Estábamos en Europa filmando Mirta, de Liniers a Estambul. Esa mañana habíamos llegado a Atenas para filmar en la capital griega lo que no podíamos filmar en Estambul, ya que la dictadura militar que, entonces, gobernaba Turquía, nos había negado la visa. En otra parte he contado (link) que la llegada al aeropuerto de Atenas me permitió tener una muy productiva conversación telefónica con Melina Mercouri, a la sazón Ministra de Cultura del país.

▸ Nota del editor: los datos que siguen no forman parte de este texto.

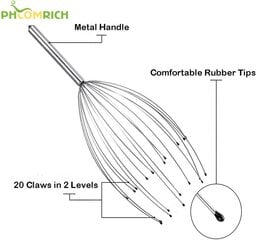 Массажер для кожи головы, ручной массажер для головы с 20 пальцами для глубокой релаксации, стимуляции волос и снятия стресса (2 шт. в упаковке, серебристый) цена и информация | Массажер | kaup24.ee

Era un viernes. Inmediatamente de llegar alquilamos una “van” que seria el medio de transporte del equipo durante todo el fin de semana. Esa misma mañana, después de alojarnos en un hotel muy cercano a la Plaza Sintagma, en el centro de Atenas, salimos a buscar locaciones que nos permitieran, de alguna manera evocar, representar, hacer creer a los futuros espectadores que estábamos en Estambul. Alguien nos mencionó el barrio Plaka, cercano a la Acrópolis, y hacia allá fuimos y se decidió que la mayoría de las escenas se harían en esa locación. En el camino pasamos por el Ágora y recuerdo que nos detuvimos y bajamos a caminar entre aquellas ruinas milenarias. Nos embargaba una profunda emoción. Toda la situación de filmar una película en Buenos Aires, en Estocolmo y, ahora, en Atenas, contando una historia que tenía que ver con la espantosa noche de la dictadura que recién habíamos dejado atrás, y bajo el mismo sol que alumbró a Sócrates y a Lord Byron, recorrer esas piedras venerables, desató en todos nosotros un torrente emotivo inolvidable. Nos abrazamos, nos enjugamos los ojos llorosos, nos hicimos chistes y volvimos a subir a la van.

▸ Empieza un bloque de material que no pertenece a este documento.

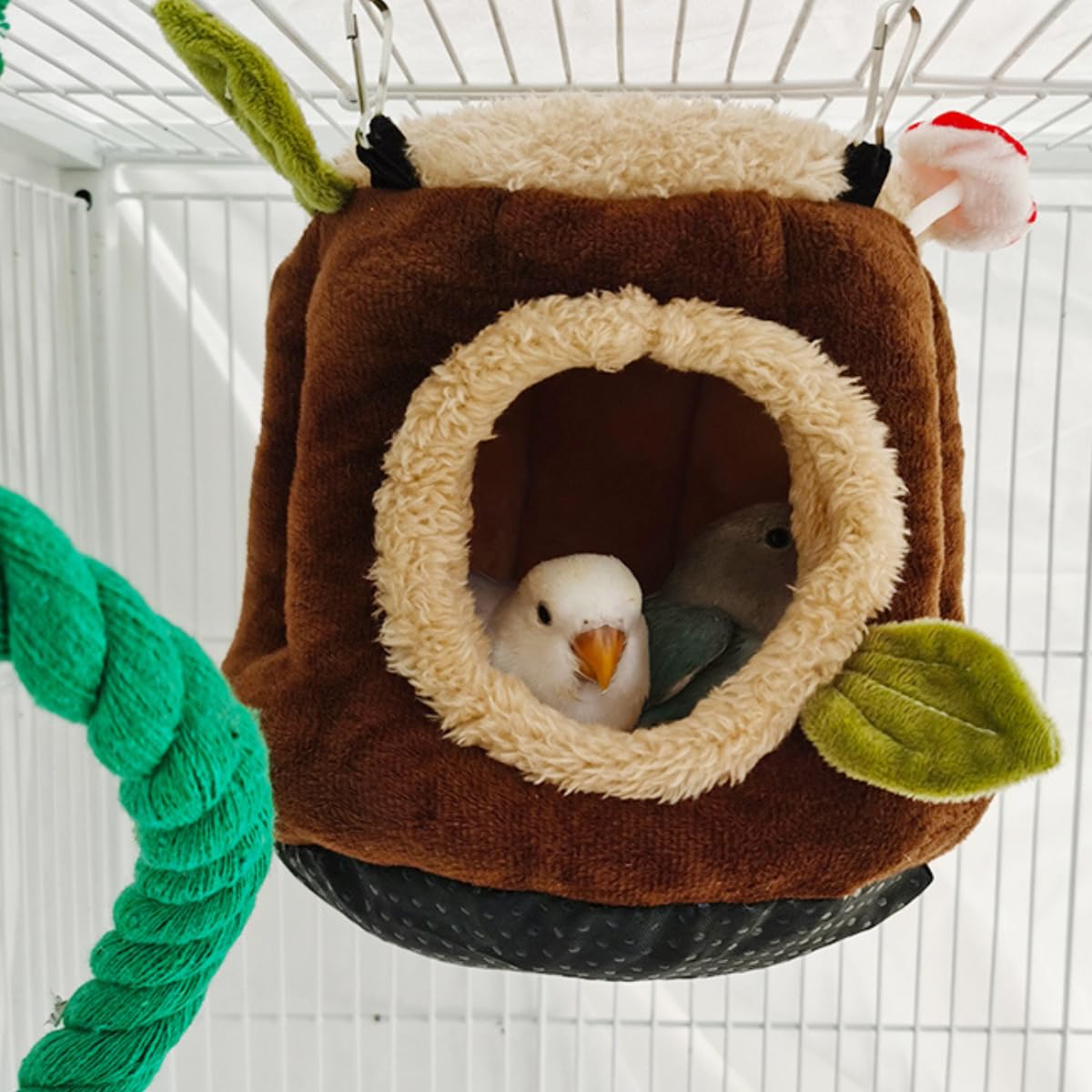 Nido cálido de invierno con cojín extraíble, casa de pájaros estilo tocón, hamaca colgante suave y lavable para loro, gris africano, chinchilla, hurón, conejo, casas y hábitats de animales pequeños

Y así se hizo la noche del viernes. Cuatro hombres jóvenes y una muchachita de 19 años no podían quedarse en el hotel, aún cuando a la mañana siguiente debieran comenzar muy temprano con la filmación. De modo que, a eso de las 9 de la noche, rumbeamos para el barrio donde, según nos habían contado, transcurría la movida de la noche ateniense. Y, efectivamente, caminamos un rato entre restaurantes, pubs, lugares con música y espectáculos en vivo. Cenamos en uno de ellos y salimos de ronda por diversos lugares, incluyendo una discoteca. Bebimos mucho, felices y emocionados, escuchamos canciones en un idioma que reconocíamos, pero ignorábamos. Nos cantaron tangos al preguntarnos de dónde veníamos, en algún lugar contamos desde el escenario que estábamos filmando una película. Alguien se acercó a Emilia Mazer para decirle, en un precario inglés, que la había visto en “The War's Children”, así dijo, refiriéndose a Los Chicos de la Guerra.

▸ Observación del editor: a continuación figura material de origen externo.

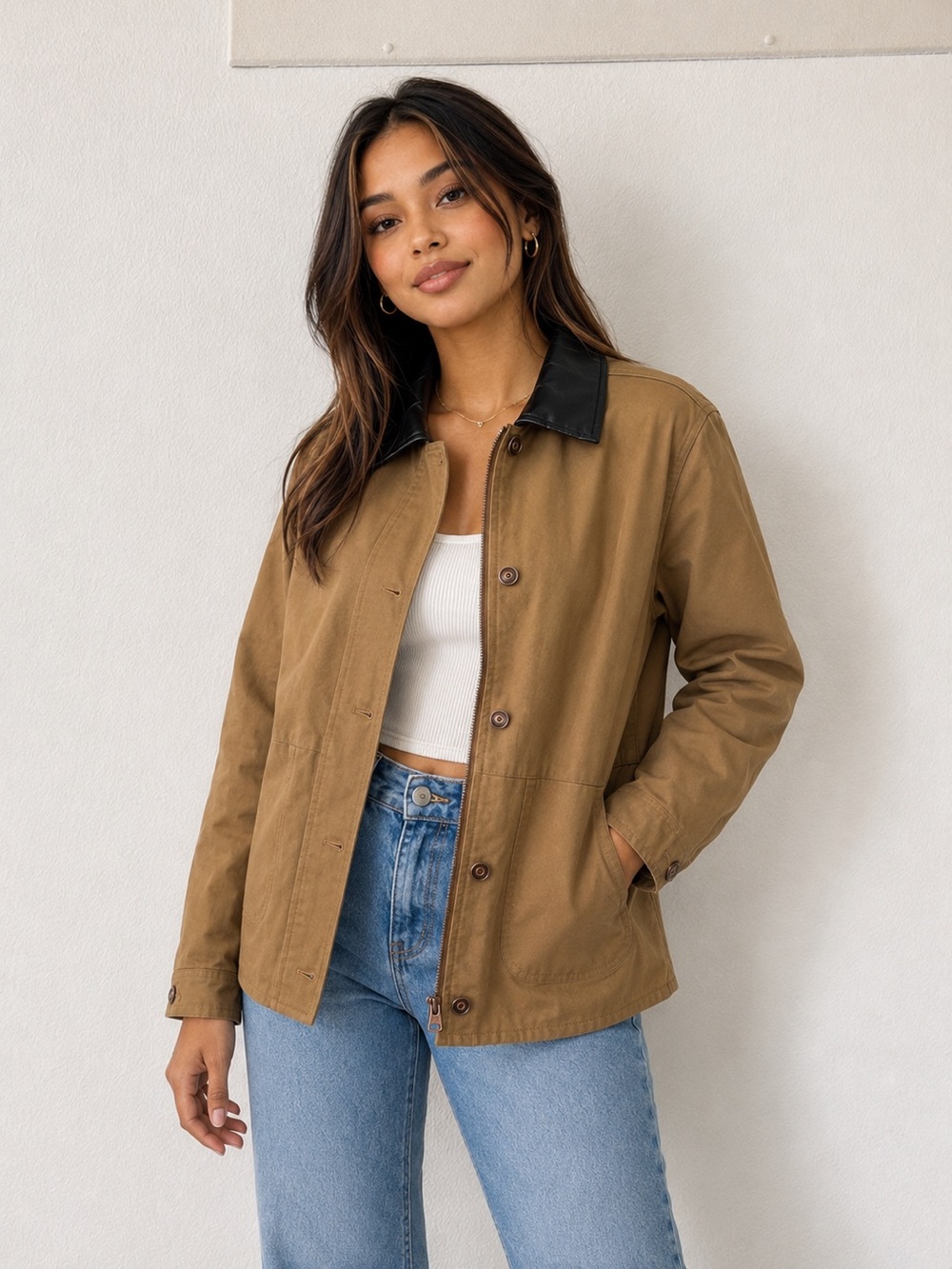 Thread & Supply Tan Jacket with Black Collar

En algún momento, y este es el recuerdo que hoy me ha acompañado, estamos caminando nuevamente por las calles del barrio. Norberto Días me dice que tiene ganas de orinar. Que ya no se aguanta. Cruzamos la calle hacia la otra vereda que se veía arbolada y más oscura y discreta y, refugiados tras unos árboles comenzamos a orinar. El lugar era como el pie o el inicio de una colina. De pronto, Norberto levanta la vista y me grita, :
- Julio, ¡mirá ese templo, la puta que lo parió!
Levanto la vista e, iluminado y resplandeciente, veo que en la cima de esa colina brilla en toda su majestad y belleza el Partenón, el templo dedicado a Atenea Pártenon, diosa protectora de Atenas.
- Sì, le respondí a Norberto. -Es nada menos que el templo más importante de la cultura occidental.
Terminamos nuestra tarea. Nos quedamos unos instantes mirando la incandescente cima de la colina y volvimos con nuestros amigos.
Podíamos decir que nuestra micción estaba cumplida.